Embracing the Imperfect: The Tres-Month Hack Framework for Startups
When it comes to launching a startup, many entrepreneurs are familiar with Paul Graham’s mantra, “Do things that don’t scale.” However, the conversation tends to shy away from the practical implementation of this idea, especially in the realm of coding.
After eight months of developing my AI podcast platform, I’ve established a straightforward strategy: every unscalable method has a lifespan of three months. Within that time frame, it must either demonstrate its worth and evolve into a more robust solution, or it will be discarded.
As engineers, we’re often conditioned to prioritize scalable solutions from the get-go. Our training leads us to favor sophisticated infrastructure designs — think microservices, distributed systems, and beautifully architected frameworks that cater to millions of users. However, this mindset often aligns more with the needs of large corporations rather than those of a startup.
In the early stages of a startup, focusing on scalable solutions can become an exercise in unnecessary expense — an effort to optimize for a user base that may not even exist yet. My three-month rule encourages me to produce straightforward, even “flawed,” code that is quick to deploy, enabling me to glean greater insight into the genuine needs of my users.
My Unconventional Approaches That Yield Valuable Insights
1. All Operations on a Single Virtual Machine
I run everything — from the database to the web server and background jobs — on a single, cost-effective $40/month virtual machine, with manual backups to my local drive. This decision may seem reckless, but it offers invaluable lessons about my resource needs. In just two months, I’ve learned that my “AI-heavy” application peaks at 4GB RAM. The complex Kubernetes setup I almost created would have been managing resources that were never utilized. Each crash (and there have been a couple) provides critical data on which aspects truly need attention.

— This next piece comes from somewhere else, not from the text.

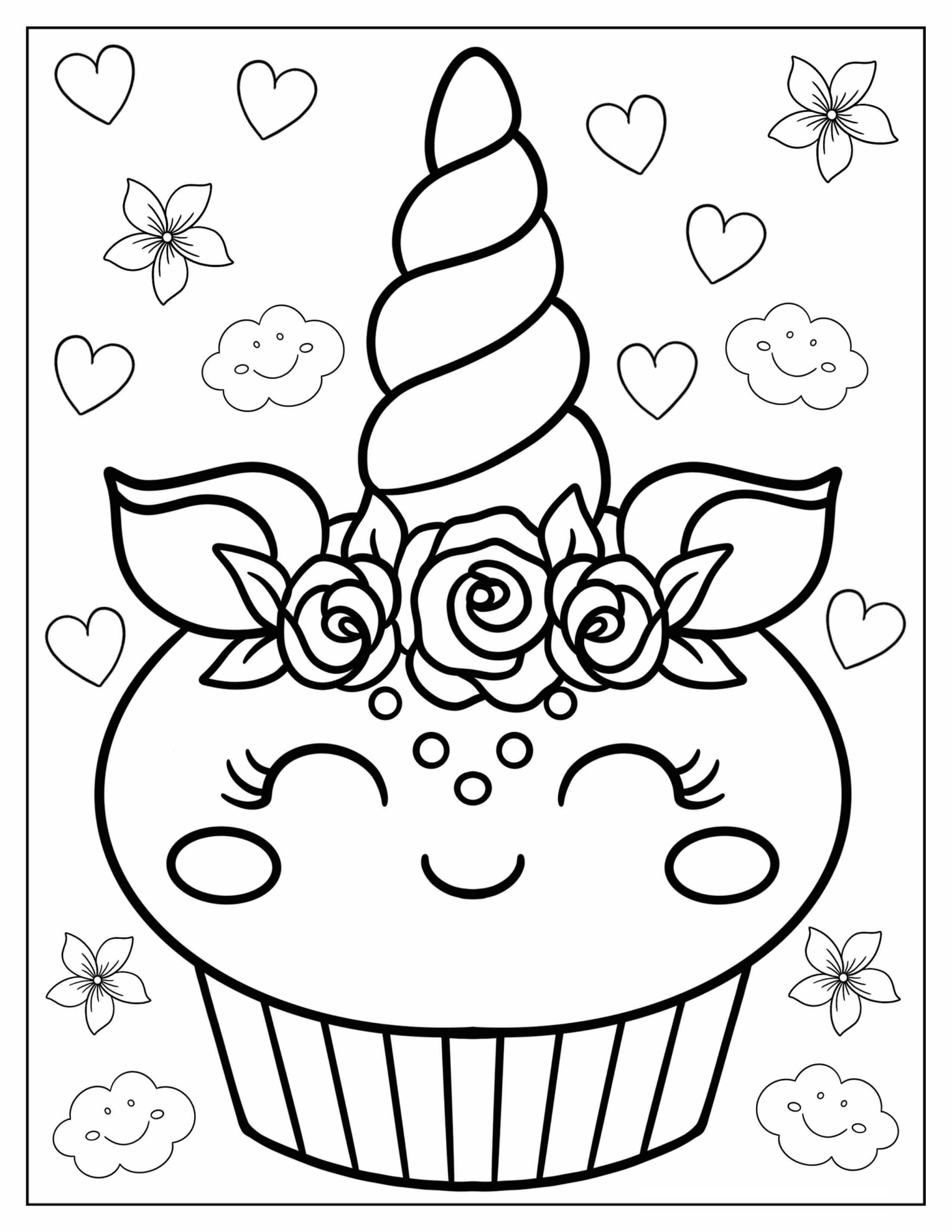 Kawaii Unicorn Cupcake With Flowers Coloring Page For Kids
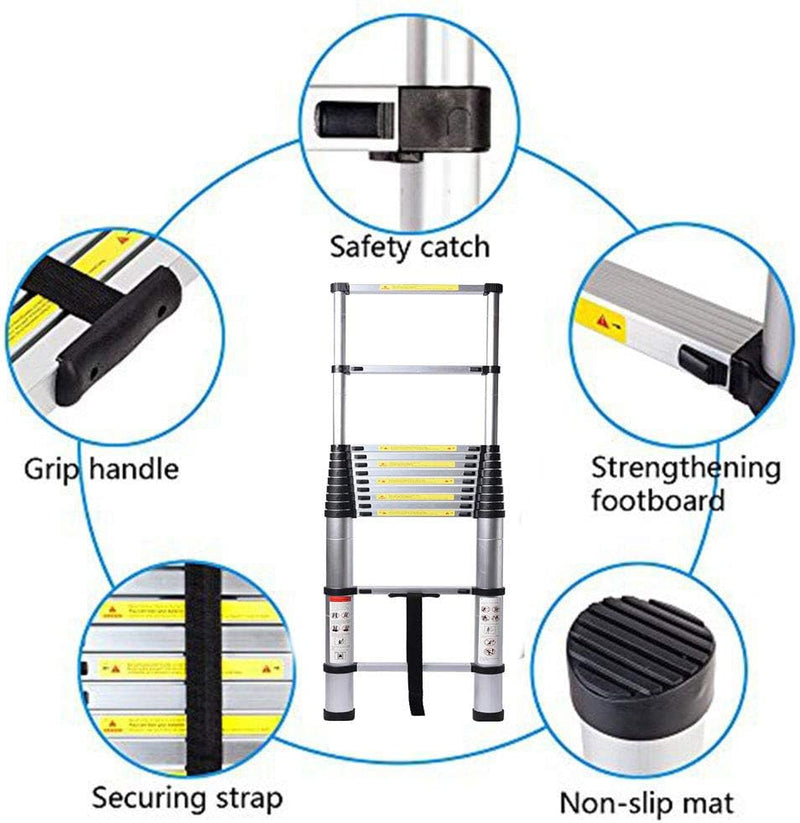 5M Alu Teleskopleiter, Ausziehbare Leiter, Klappleiter Stehleiter Rutschfester, Ausziehleiter Mehrzw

2. Static Configuration Throughout the Codebase
My configuration settings are hardcoded across various files — no external configuration files, no environment variables. This simplicity allows me to locate and modify any configuration quickly through a simple search across my codebase. While it might take a week to create a full-fledged configuration service, I’ve only changed these values three times in the last three months. That equates to a mere 15 minutes of redeployment, vastly outweighing the potential 40 hours in development time.